Saved entries:
• • •
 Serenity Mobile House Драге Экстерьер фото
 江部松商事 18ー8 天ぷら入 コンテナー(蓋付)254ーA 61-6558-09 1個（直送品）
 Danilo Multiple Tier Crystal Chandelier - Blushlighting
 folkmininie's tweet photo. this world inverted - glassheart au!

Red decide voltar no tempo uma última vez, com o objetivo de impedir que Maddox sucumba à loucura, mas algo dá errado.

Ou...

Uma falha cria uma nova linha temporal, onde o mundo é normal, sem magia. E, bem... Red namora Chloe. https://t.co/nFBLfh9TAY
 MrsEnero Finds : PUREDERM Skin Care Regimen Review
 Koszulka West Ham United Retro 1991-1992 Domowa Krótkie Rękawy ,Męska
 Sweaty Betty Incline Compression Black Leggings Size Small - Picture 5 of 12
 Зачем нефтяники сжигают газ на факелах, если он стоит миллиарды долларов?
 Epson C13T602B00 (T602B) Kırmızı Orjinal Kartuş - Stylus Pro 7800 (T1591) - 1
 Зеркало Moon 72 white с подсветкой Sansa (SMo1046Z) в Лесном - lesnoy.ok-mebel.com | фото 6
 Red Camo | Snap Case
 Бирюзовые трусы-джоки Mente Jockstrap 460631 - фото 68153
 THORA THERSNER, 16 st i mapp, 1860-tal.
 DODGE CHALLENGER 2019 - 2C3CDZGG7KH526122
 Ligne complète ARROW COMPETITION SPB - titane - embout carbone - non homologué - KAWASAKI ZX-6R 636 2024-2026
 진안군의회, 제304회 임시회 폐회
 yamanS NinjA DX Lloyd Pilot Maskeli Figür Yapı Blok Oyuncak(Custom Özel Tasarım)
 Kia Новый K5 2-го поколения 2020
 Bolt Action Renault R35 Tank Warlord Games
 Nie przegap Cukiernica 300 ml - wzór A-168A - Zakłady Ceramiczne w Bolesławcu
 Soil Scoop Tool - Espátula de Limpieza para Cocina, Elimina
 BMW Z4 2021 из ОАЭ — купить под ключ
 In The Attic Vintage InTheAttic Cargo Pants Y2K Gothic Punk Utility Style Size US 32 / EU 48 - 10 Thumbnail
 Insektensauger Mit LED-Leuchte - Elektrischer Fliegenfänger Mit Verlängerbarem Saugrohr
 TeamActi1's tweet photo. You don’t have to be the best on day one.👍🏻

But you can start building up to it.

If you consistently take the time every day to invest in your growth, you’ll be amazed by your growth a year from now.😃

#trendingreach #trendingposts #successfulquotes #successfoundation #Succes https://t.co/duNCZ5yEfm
• • •
What you have to do: Reply with nothing but the number of lines in the entries that include "https".

Expected answer: 2